# ASSIGNMENT
Copy out exactly the lines below that run from the one holding "38cm pendant lamp, adjustable" to the one holding "DISNEY - Polera", keeping both of those lines and no others.

PROVIDED DATA below:

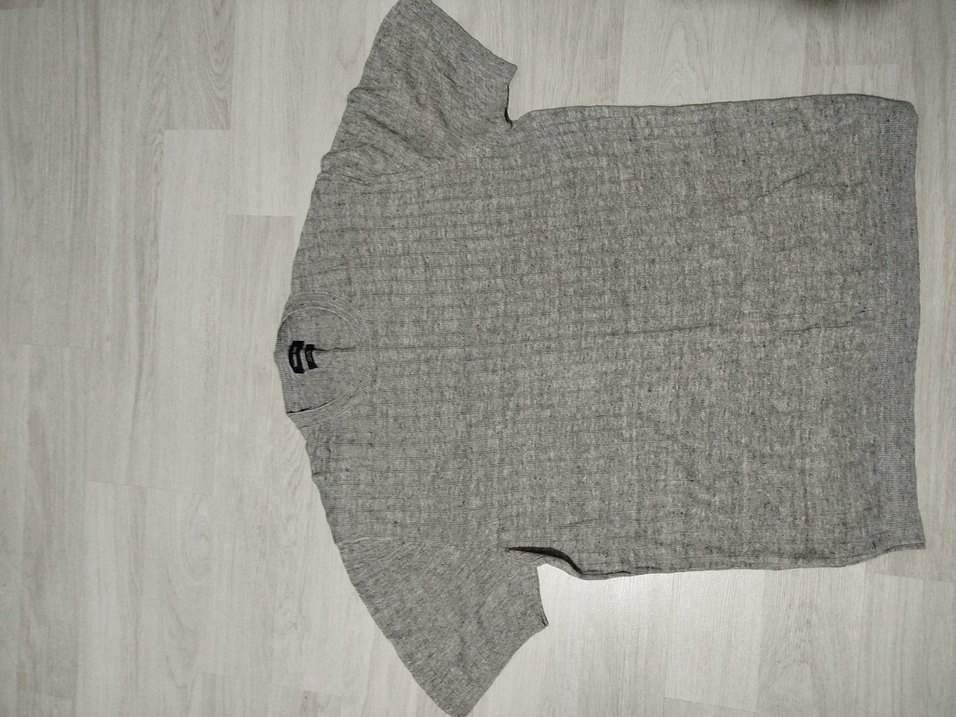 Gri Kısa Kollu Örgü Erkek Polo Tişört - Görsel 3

End of PROVIDED DATA.
PROVIDED DATA below:

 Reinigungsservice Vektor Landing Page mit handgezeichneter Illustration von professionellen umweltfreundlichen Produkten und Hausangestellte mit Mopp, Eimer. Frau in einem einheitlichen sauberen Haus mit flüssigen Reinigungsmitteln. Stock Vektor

End of PROVIDED DATA.
PROVIDED DATA below:

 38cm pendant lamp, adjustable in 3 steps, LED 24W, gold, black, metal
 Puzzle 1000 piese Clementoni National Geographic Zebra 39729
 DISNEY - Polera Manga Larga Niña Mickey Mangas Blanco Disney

End of PROVIDED DATA.

# FINISHED EXERCISE
 38cm pendant lamp, adjustable in 3 steps, LED 24W, gold, black, metal
 Puzzle 1000 piese Clementoni National Geographic Zebra 39729
 DISNEY - Polera Manga Larga Niña Mickey Mangas Blanco Disney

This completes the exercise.